Lectio divina

Une lectio divina est un commentaire biblique sous le mode d’une lecture spirituelle et priante. C’est une méditation sur les textes de l’Écriture Sainte proposés par l’Église pour la Messe du jour.

« ETRE SEUL AVEC LE SEUL… »

Lectio divina pour le Cinquième Dimanche Ordinaire – Année B

Jb. 7, 1-7 1 Co. 9, 16-23 Mc. 1, 29-39.

Dès les premiers jours de Sa vie publique, Jésus annonce le pourquoi de Sa présence parmi les hommes : « C’est pour cela que je suis sorti. » Il ne faut pas entendre cette phrase au sens premier seulement de Jésus qui sort de la maison, mais bien, comme Luc nous le suggère, en disant : « C’est pour cela que je suis venu », dans ce sens plus large du Verbe qui ‘sort’ de Son Père pour venir dans le monde.
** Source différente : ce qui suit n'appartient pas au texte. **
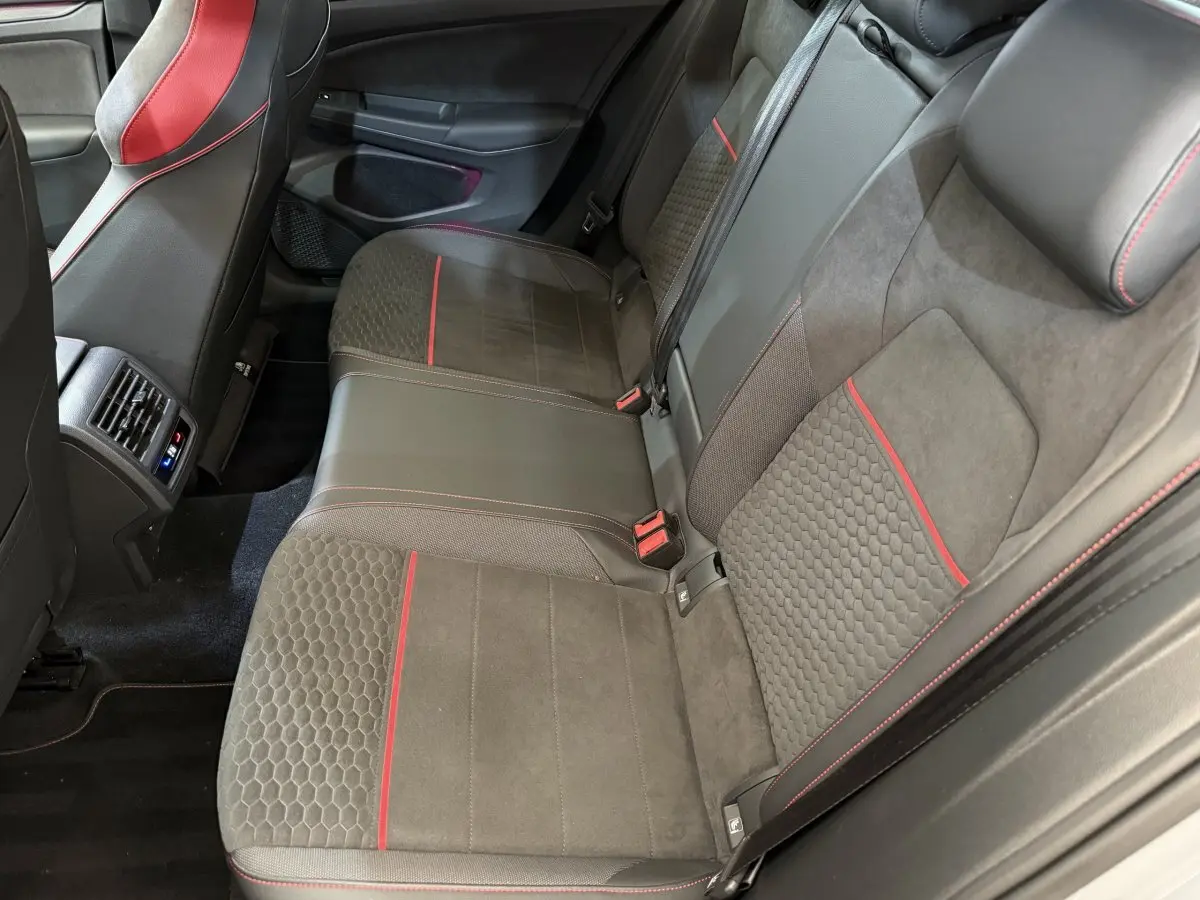 Vue intérieure côté droit des sièges arrière en tissu gris foncé avec surpiqûres rouges de la Volkswagen Golf GTI Clubsport 2022.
Jésus fera une remarque identique à Pilate lors de Son interrogatoire. Il dira : « C’est pour cela que je suis venu, pour rendre témoignage à la Vérité. »

« Comme le Père m’a envoyé…»

Pourquoi en effet Jésus est-Il venu ? Pour proclamer la Bonne Nouvelle ! Jésus se définit donc avant tout comme l’Apôtre en plénitude, Celui qui est envoyé par le Père pour transmettre le message de la paternité amoureuse de Dieu : « Comme le Père m’a envoyé, moi aussi je vous envoie » dira-t-Il à Ses disciples avant de mourir, comme le rapporte Jean.

L’apôtre par excellence, l’apôtre en plénitude, ce ne sont ni les Douze, ni même Pierre ou Paul qui nous décrit en quoi consiste sa mission apostolique, c’est d’abord Jésus, le Verbe envoyé par le Père.

D’ailleurs, l’apologie que Paul semble faire de sa vie apostolique, pour se défendre de certaines attaques est d’abord l’apologie de l’Apôtre qu’est le Christ.

C’est véritablement Jésus qui se fait libre à l’égard de tous, les riches et les puissants de Son époque, les scribes et les pharisiens, les pauvres, les pécheurs et les docteurs de la Loi. Il se fait véritablement le serviteur de tous, lorsqu’Il lave les pieds de Ses apôtres. Il se fait le serviteur de tous afin d’en gagner le plus grand nombre, et de fait, nul n’est exclu de la Rédemption si ce n’est par sa propre faute.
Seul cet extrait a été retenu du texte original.